HOW TO COMPLETE THIS TASK: Begin with the line containing "APARTAMENTO 2 QUARTOS 1 VAGA NO ECOVILLE", end with the last line of the records, and retype everything in between exactly, without the pictures.

DATA TO EXAMINE:
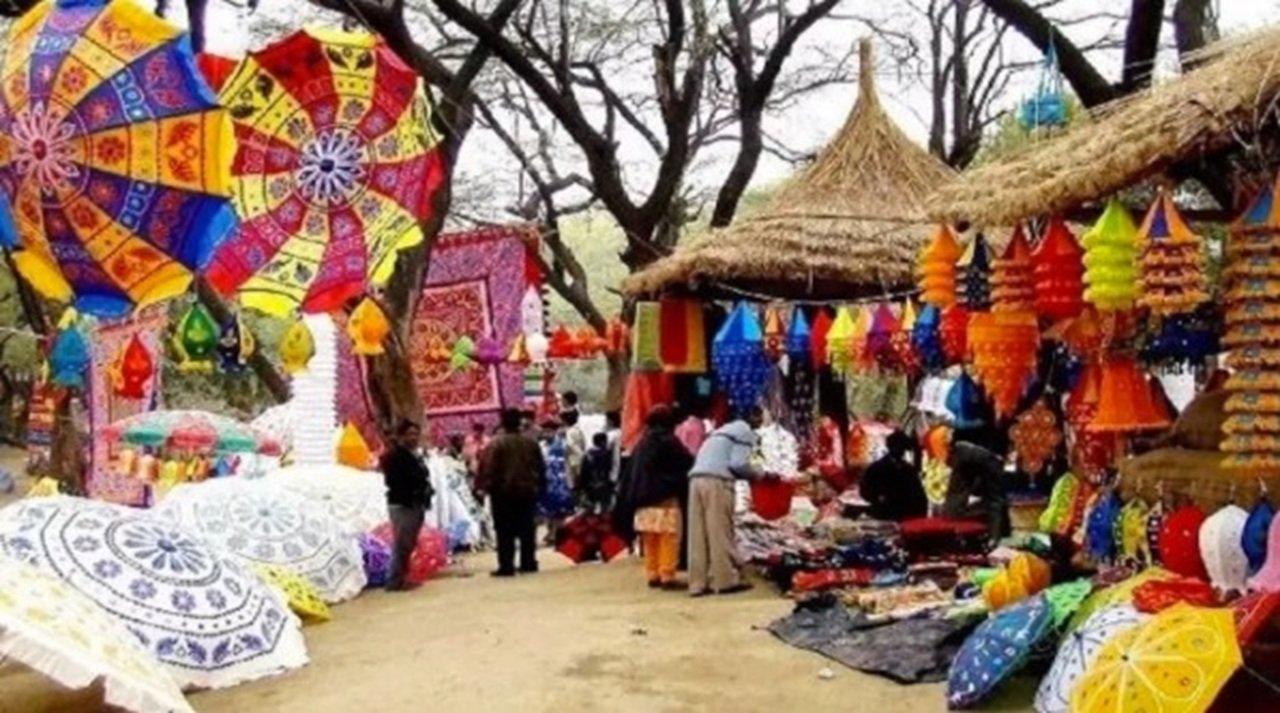 मेले की शुरुआत 1987 में हुई थी। जिसका उद्देश्य भारत में मौजूद अद्भुत और लुप्त हो रही कलाओं को बढ़ावा देना है।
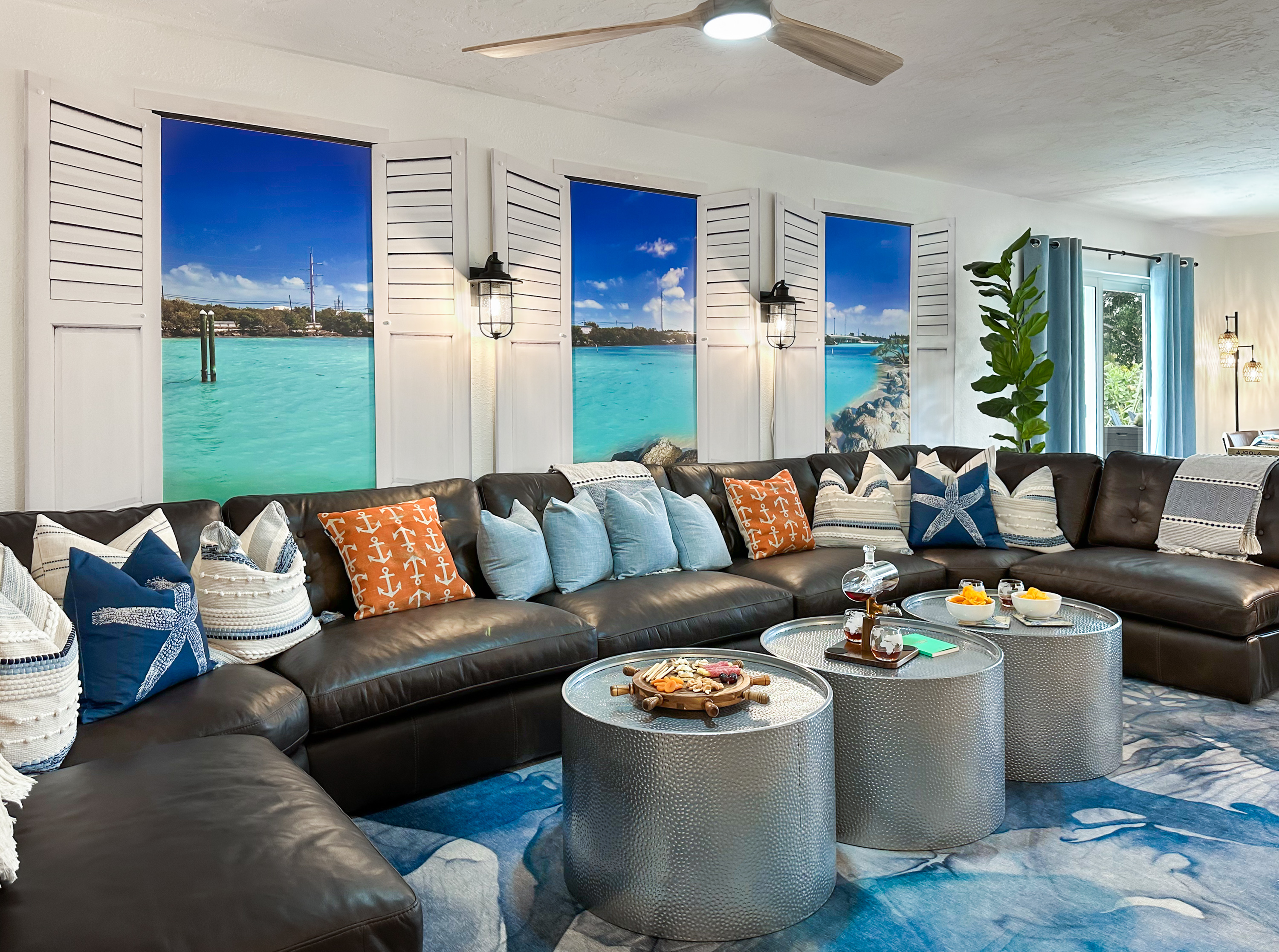 The custom wall artwork bring the beach scenery inside!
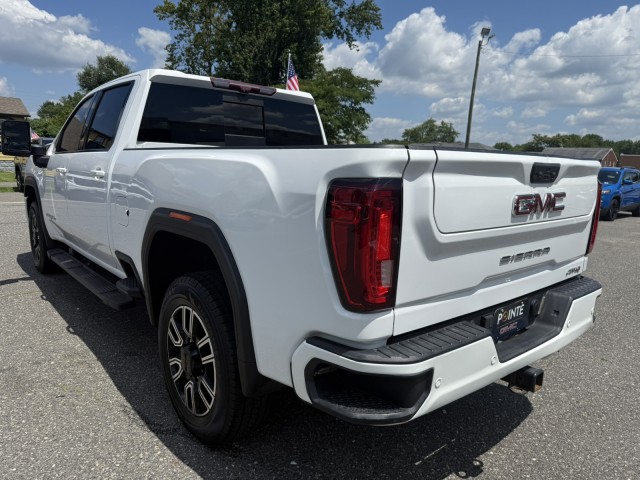 2020 GMC Sierra 2500HD AT4 Image 6 of 31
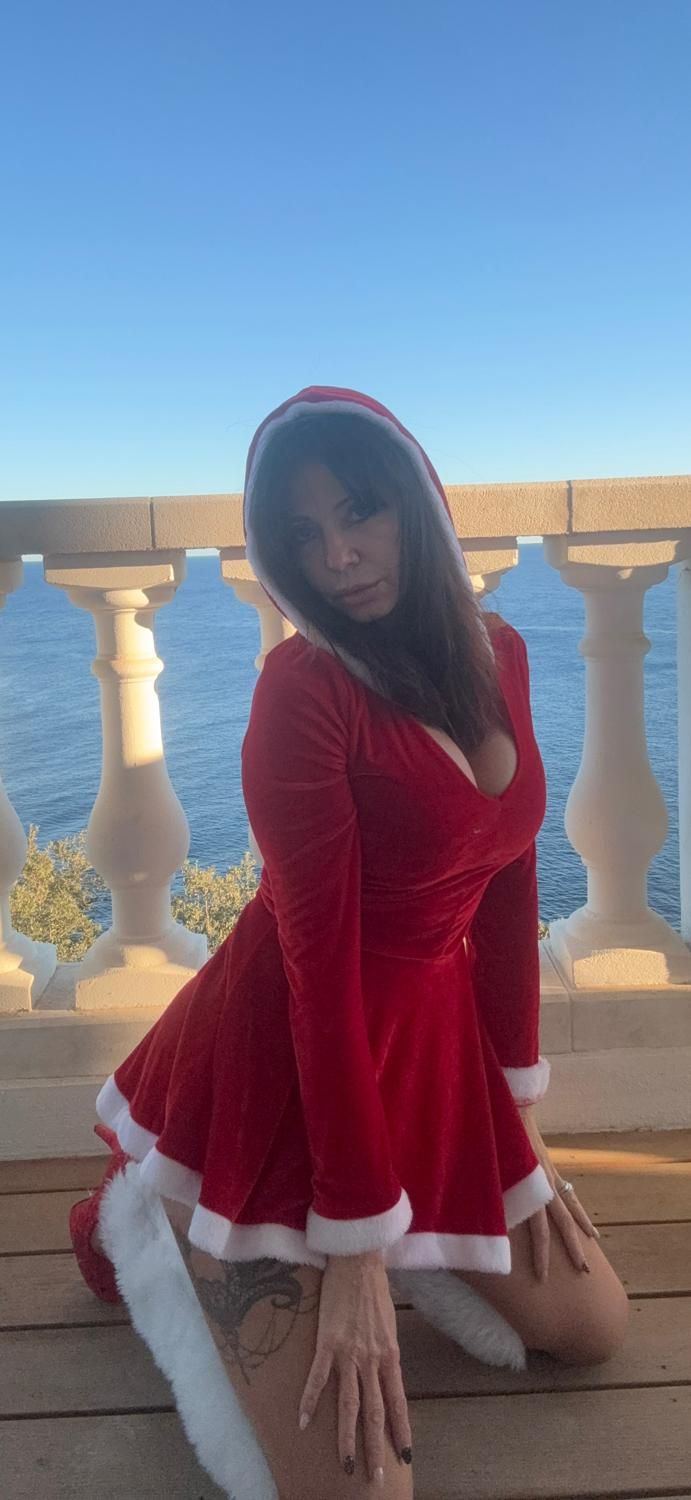 Nathaliegabano's media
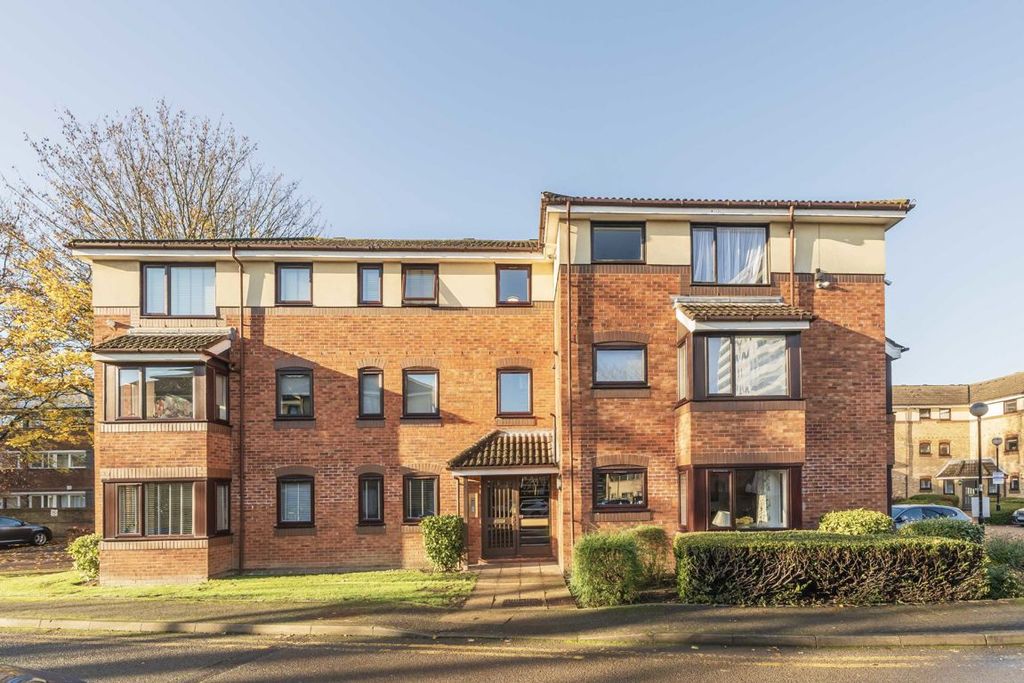 Property photo 1 of 6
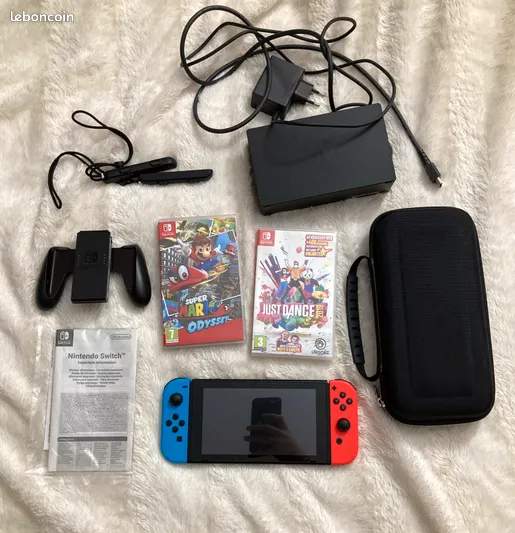 Nintendo Switch + deux jeux - 0 - Nintendo Switch  on Aster Vender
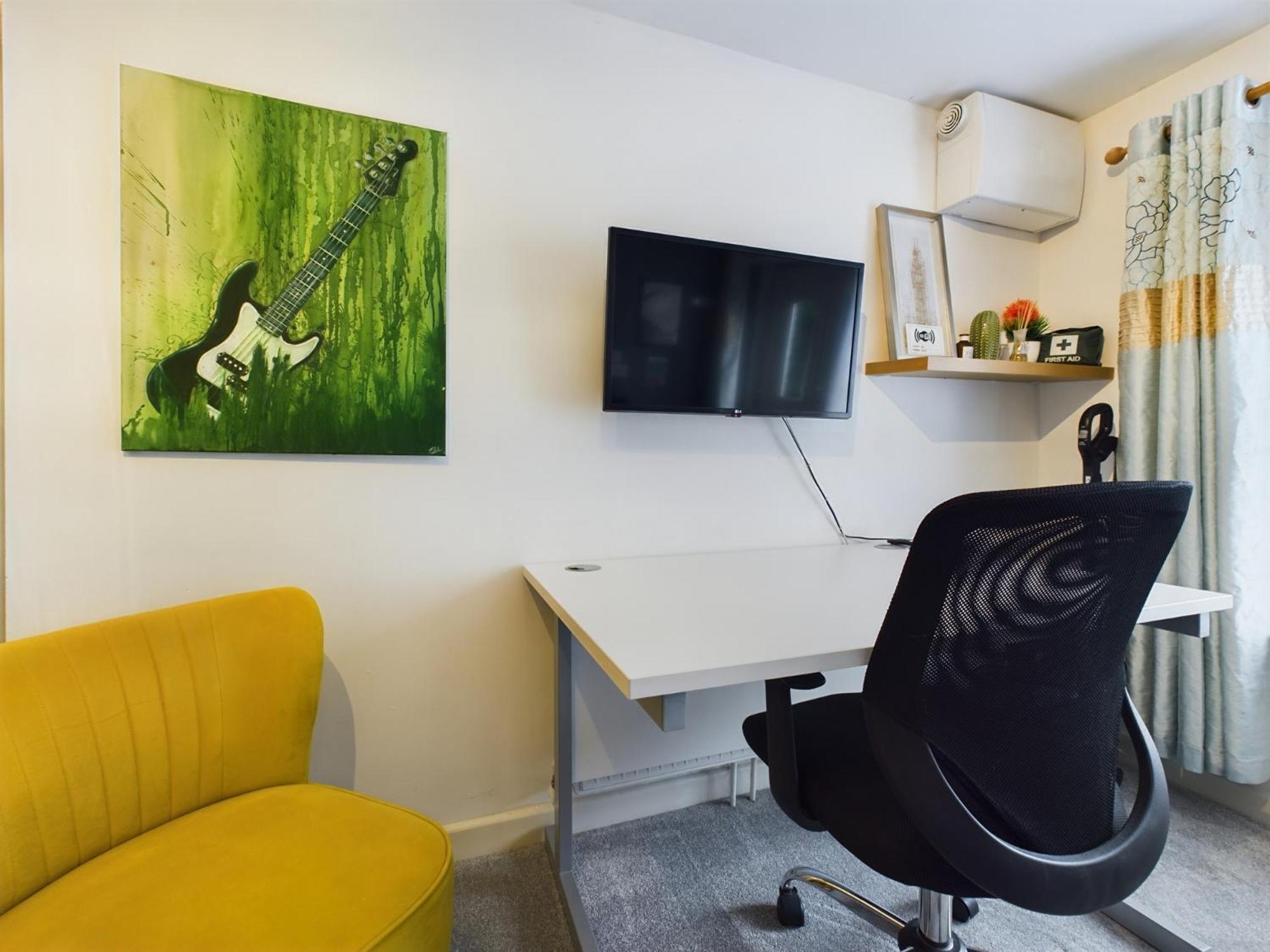 Lovely 1 Bedroom Apartment With Parking 雷丁 外观 照片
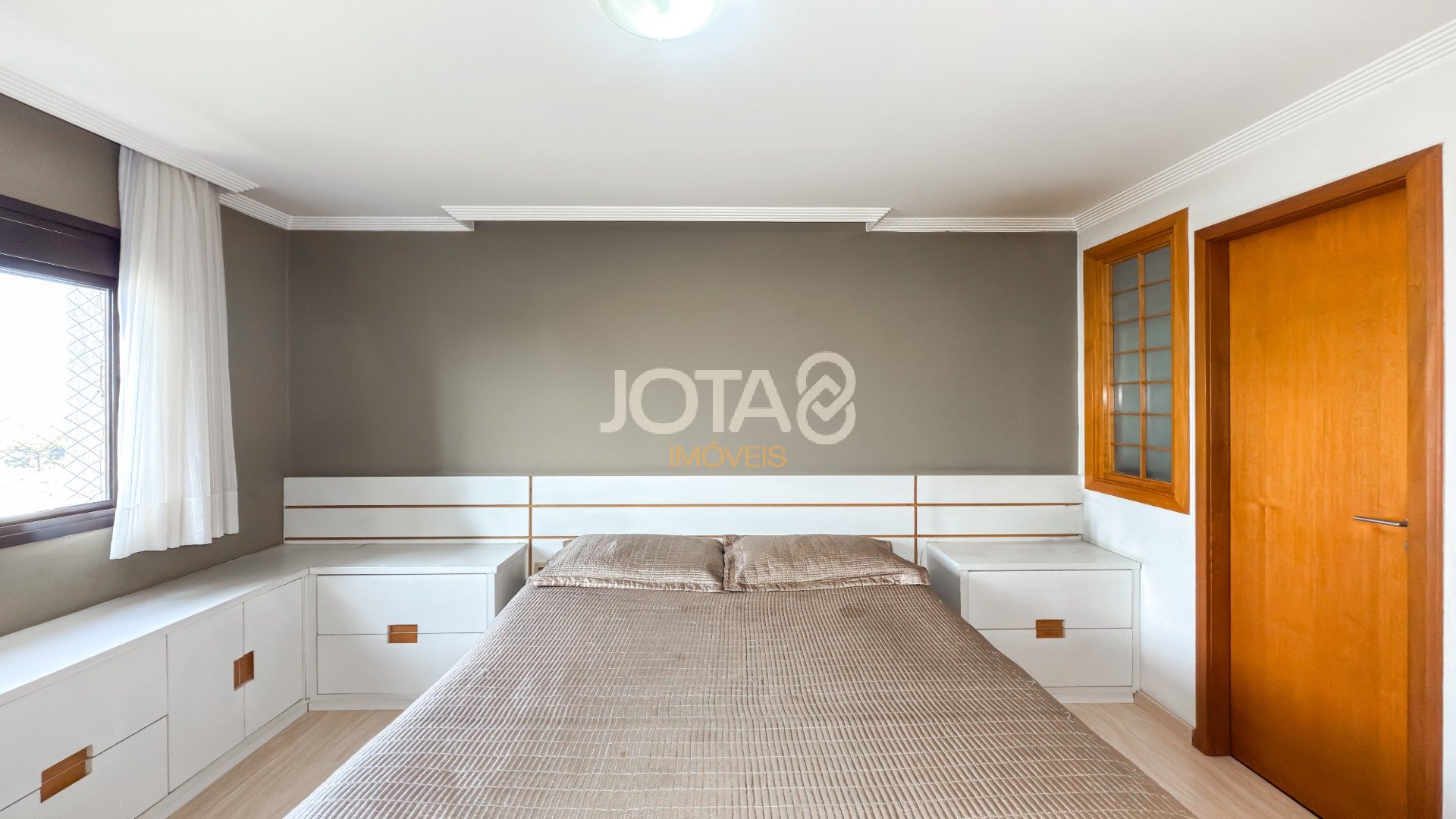 APARTAMENTO 2 QUARTOS 1 VAGA NO ECOVILLE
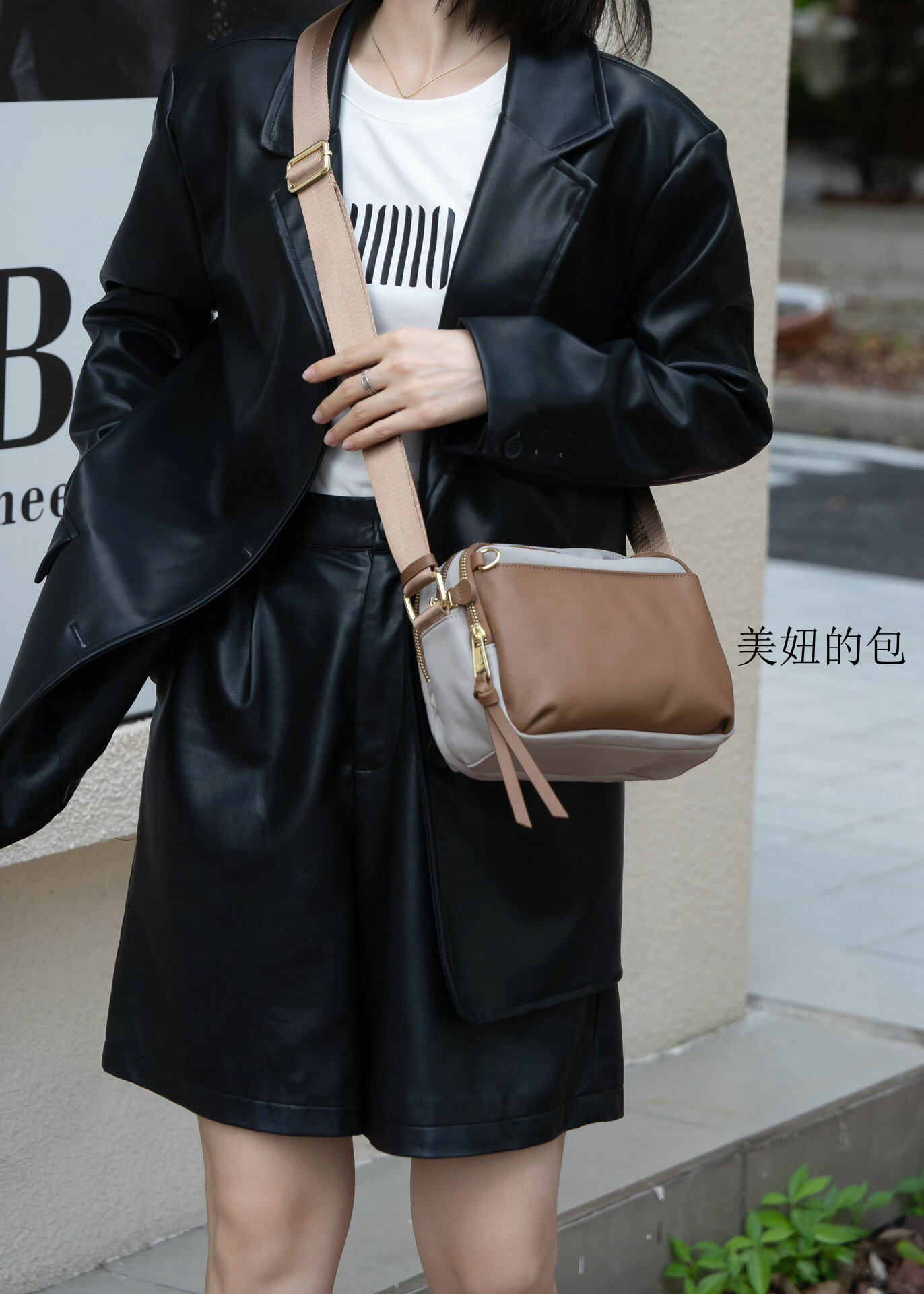 2024新款小众撞色女包简约百搭单肩包轻便尼龙布配真皮斜跨小方包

EXERCISE SOLUTION:
 APARTAMENTO 2 QUARTOS 1 VAGA NO ECOVILLE
 2024新款小众撞色女包简约百搭单肩包轻便尼龙布配真皮斜跨小方包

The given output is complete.